Don’t offer too much information, but answer our abductors when they ask questions.
Humanize yourself and maintain your value— you have worth in a monetary sense, but do you have kids, family, a dog, anything that will remind them that you are a human being.
Keep a positive attitude by setting small mental goals.
This goes back to the most important lesson HEFAT teaches journalists: Be prepared and do your due diligence. In your research, look at the profiles of who tends to be kidnapped, why, and how. In addition, make a plan to check in with someone frequently while traveling. If you miss a check-in time, what steps will that person take, and at what time intervals? If the kidnappers reach out for a ransom, who will be in charge of negotiating on your behalf? Before you go, give that someone key pieces of information: your passwords, your proof-of-life questions (nothing that can be Googled), your will.
What Will Protect You From Gunfire
In case you get into real, bullets-flying-around trouble, know how to protect yourself and others. In movies, people always get out of their cars and hide behind the doors as bullets ricochet off of them. In reality, the thin sheet metal of a car door provides little to no protection from bullets.
If you must hide behind a car, crouching beside the tires or near the engine are safer spots. An even better option is to find a cinderblock wall.
Diseases and Sickness
Sometimes, humans aren’t the biggest threat abroad, diseases are, and nothing ruins a trip faster than spending it in bed or in the bathroom. Make sure you research the risks of serious bacterial infections from cholera, malaria, and typhoid fever at your destination and get vaccinations for them before you go. Sometimes, the vaccines take a few days to start working, so be sure to get any shots far enough in advance that they’re protecting you by the time you first arrive. Some countries will ask for proof of these vaccines before they let you enter, so be sure you know if you need that card with you in your passport. To prevent more common bacterial diseases like dysentery, caused by poor hygiene, wash your hands frequently, and remember when eating any food: boil it, cook it, peel it or forget it. And if you’re at all unsure, avoid local tap water—and ice—and instead drink only bottled water or processed beverages.
Be safe, have fun
Kidnapping, hotel security, and diseases are not fun vacation topics, but they are necessary things to think about in the world we live in. Having some simple supplies in a first aid kit you can carry with you is also a good idea, especially if local medical care is spotty or far away.

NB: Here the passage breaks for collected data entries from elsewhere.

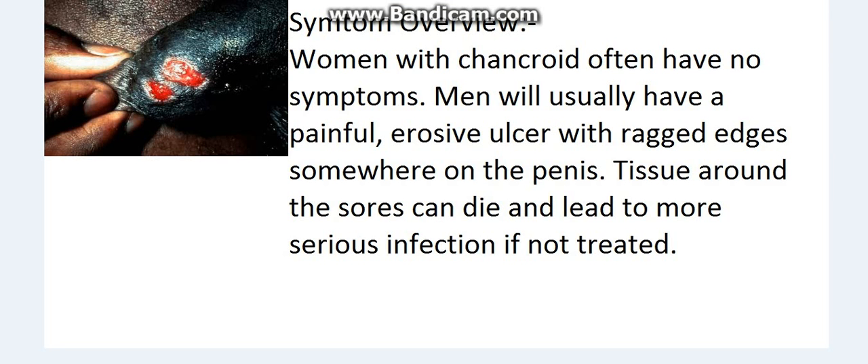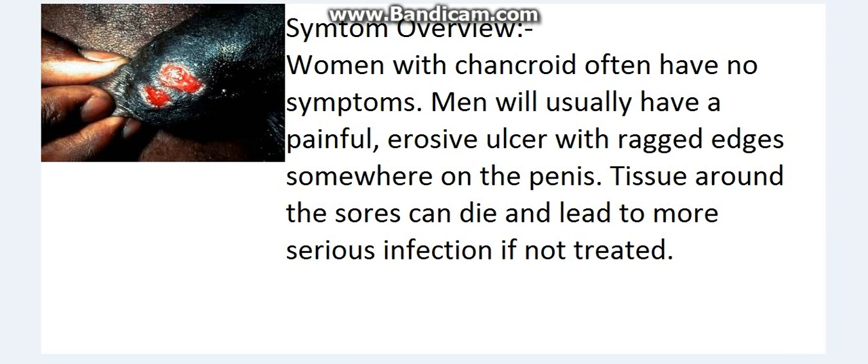Symptom overview: Women with chancroid often have no symptoms. Men will usually have a painful, erosive ulcer with ragged edges somewhere on the penis. Tissue around the sores can die and lead to more serious infection if not treated.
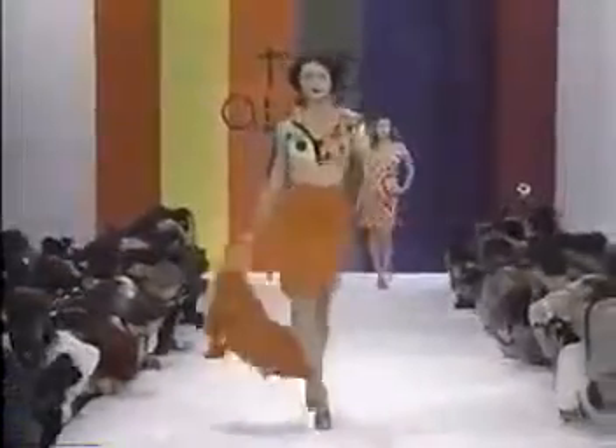The walk. Each model has her own, and it can make a model be remembered. Just look at Shalom's popular quick strut, Brandi's sassy sway, Nadja's stealth march, Helena's slinky slink, Kristen's crazy crusade, Veronica's energetic play, and Eve's unmistakable stance.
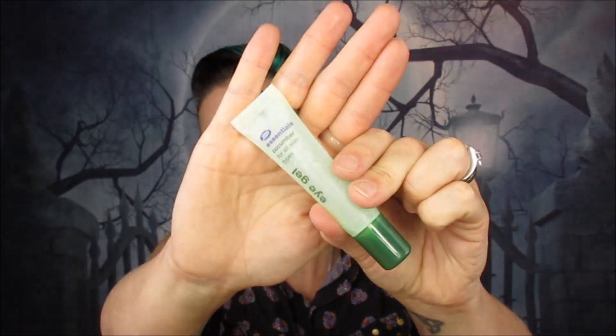Next we have an Essentials cucumber eye gel — the lovely Wacky World of Lottie sent me this in a box. I literally used it every single day, morning and night. Would I say it made the puffiness reduce in my eyes? Not really. I'm 39, so I have puffy under eyes — I hate it but I deal with it. It was quite nice and refreshing, but I wouldn't say it de-puffed my bags. Nice, but I wouldn't buy it.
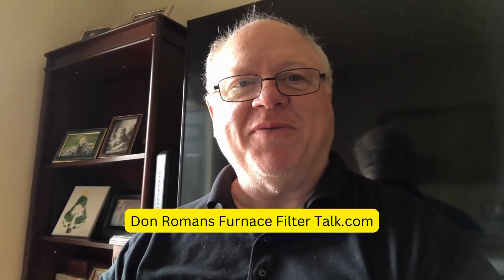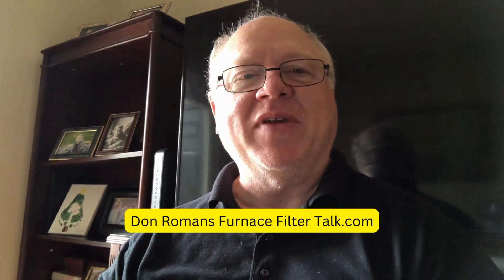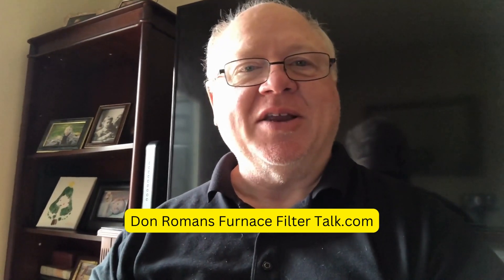Hi, this is Don Romans with FurnaceFilterTalk.com and today I wanted to talk to you about improving indoor air quality with your furnace filter. Your furnace filter can be used for more than just protecting your equipment.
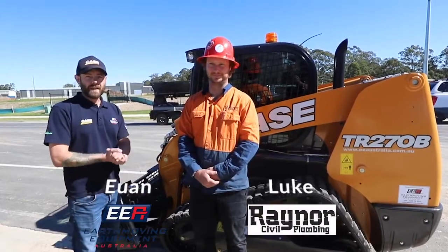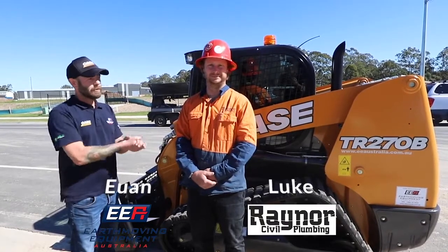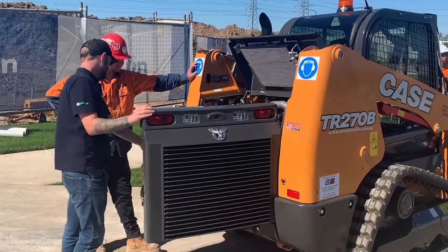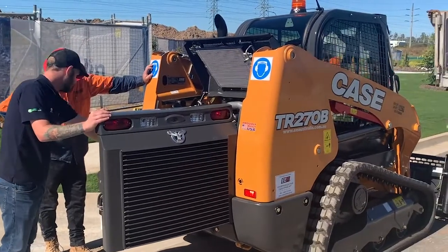Hey guys, I'm Ewan from EEA. We're here with Luke Whittakin from Raynor Civil Plumbing. We're just delivering his brand new TR270B.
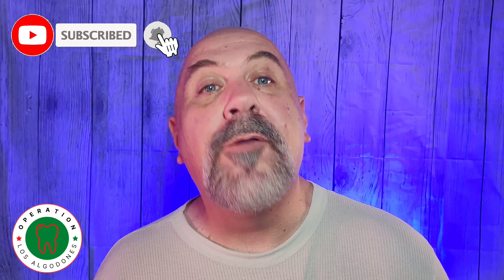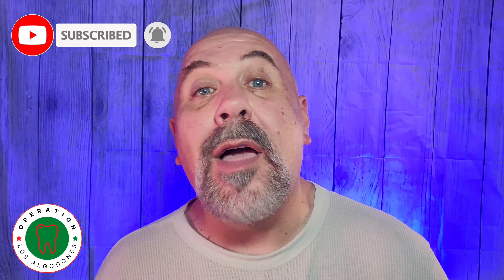So there it is — my honest and straightforward take on five steps you can take to save even more money when scheduling and planning your trip to Los Algodones, Mexico. I hope it was helpful in simplifying your decision. Operation Los Algodones is an all-encompassing channel designed to serve you, the consumer. I want to help simplify your process and load you up with all the information you need to make an educated decision when it comes to considering Los Algodones. Please like this video and subscribe to my channel if you're eager to hear and learn more about everything Los Algodones and its neighboring communities in California and Arizona have to offer.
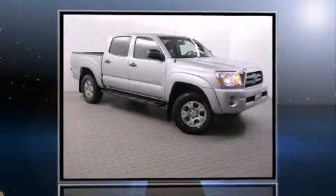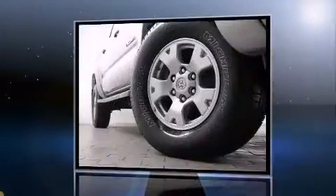You're going to love the 2010 Toyota Tacoma. This four-door, five-passenger truck just recently passed the 60,000 mile mark.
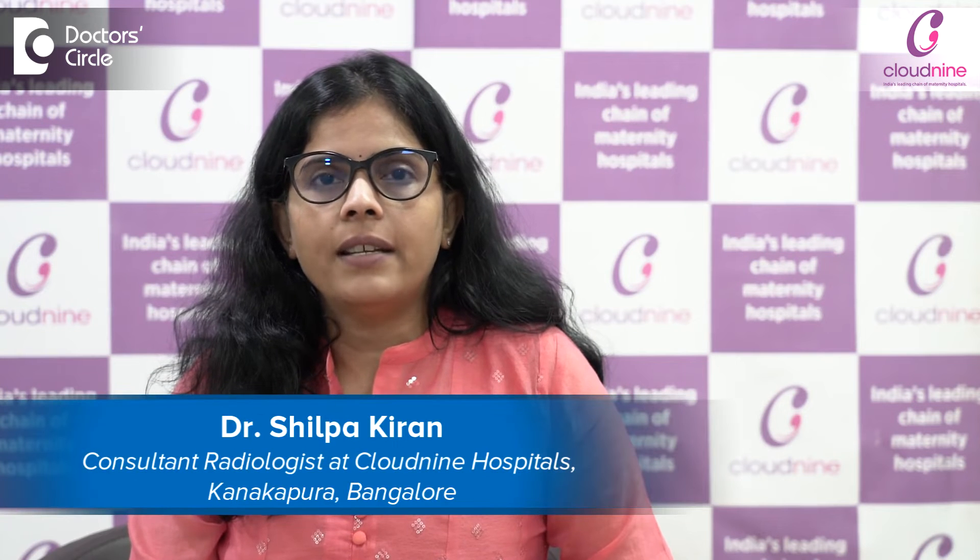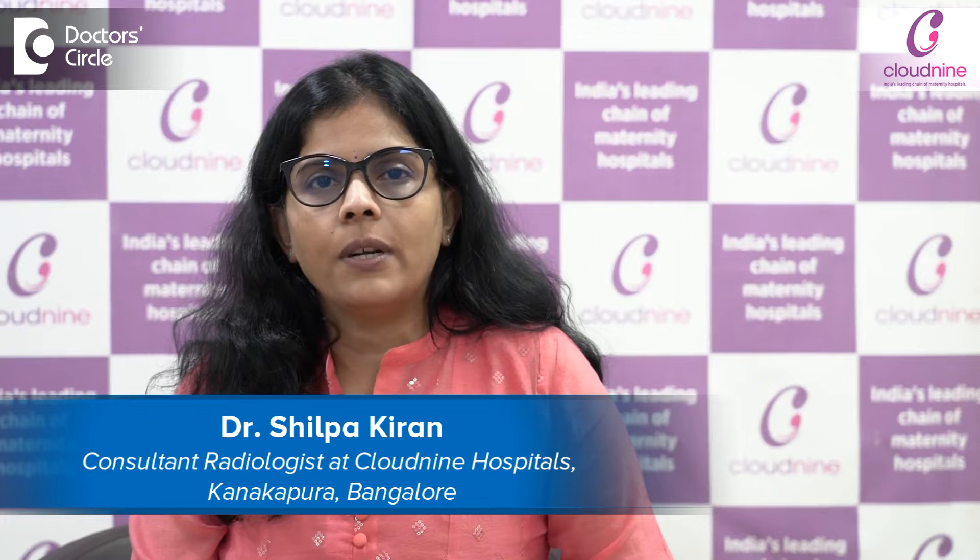I'm Dr. Shilpa Kiran, Consultant Radiologist, Cloud9 Hospital, Kanukpura Road.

While most vacations and business trips overseas happen with little more than a lost bag at the airport as your only inconvenience, doing your research beforehand and having a plan for the worst case scenario might just save your life.
Rebecca Gibian attended an industry-approved Hostile Environment/First Aid Training (HEFAT) sponsored by the Pulitzer Center on Crisis Reporting, in collaboration with A Culture of Safety Alliance (ACOS) and conducted by 1st Option Safety. She is a former staff member and grantee of Pulitzer Center.